On May 5, 2011, SOUND WAY acquired:
 
 
·
all of the outstanding equity of MAJOR AIM ENTERPRISES LIMITED, or MAJOR AIM, a limited liability company formed on March 19, 2010 under the laws of Hong Kong.
 
On April 1, 2011, BRAVE KING established a wholly owned subsidiary, Shanxi Shipaipu Business Consulting Co., Ltd., or Shanxi Shipaipu, a wholly foreign owned enterprise formed under the laws of the PRC.
 
On April 1, 2011, MAJOR AIM established a wholly owned subsidiary, Shanxi Ruixingtong Business Consulting Co., Ltd., or Shanxi Ruixingtong, a wholly foreign owned enterprise formed under the laws of the PRC.
 
As of July 30th, 2011, a share exchange agreement by and among the Shell Company, the shareholder of the Shell Company, RISE KING, and the shareholders of RISE KING was concluded to the extent that (i) each of the RISE KING Shareholders shall sell, transfer, convey, assign and deliver to the Shell Company each share of its RISE KING Stock in exchange for 140 newly issued ordinary shares of Shell Company Stock and (ii) the Shell Company Shareholder shall sell, transfer, convey, assign and deliver to the RISE KING Shareholders all of the capital stock of the Shell Company issued and outstanding in exchange for an aggregate of $200,000 in cash.
 
RISE KING, SOUNDWAY, BRAVE KING, MAJOR AIM, Shanxi Shipaipu and Shanxi Ruixingtong are holding companies.

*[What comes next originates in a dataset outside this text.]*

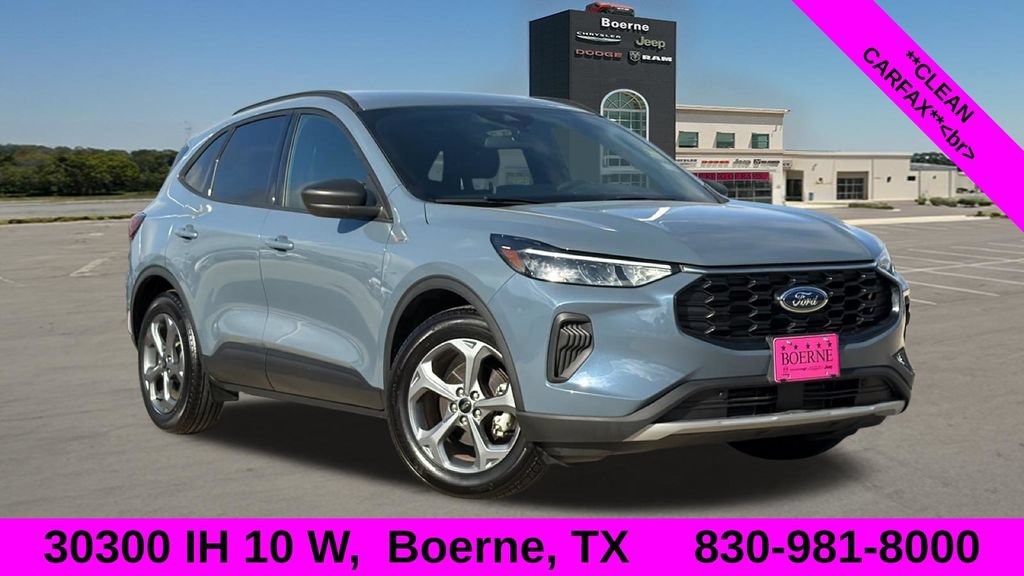Used 2025 Ford Escape ST-Line w/ Tech Pack #1 FWD image 1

As a result of these transactions, each of RISE KING, SOUND WAY, BRAVE KING, MAJOR AIM, Shanxi Shipaipu and Shanxi Ruixingtong are wholly owned subsidiary of ours and we manage and operate the business of the two variable interest entities SXGL and Shanxi Zhonglian through the VIE Agreements.
 
PRC Operating Companies
 
Shanxi Guolian Pipe Industry Group Co., Ltd., or SXGL is a PRC company formed on May 12, 2003, formerly known as Shanxi Yuci Guolian Steel Pipe Co., Ltd. ,or Yuci Guolian . Xudong Liu, our chairman and majority shareholder owns 89% and Lizi Liu, the Vice President of Board of Directors owns 11% of SXGL.
 
Shanxi Zhonglian Gas Development Co., Ltd., or Shanxi Zhonglian, is a PRC company formed on November 12, 2004, .   Juan Kong own 100% of Shanxi Zhonglian.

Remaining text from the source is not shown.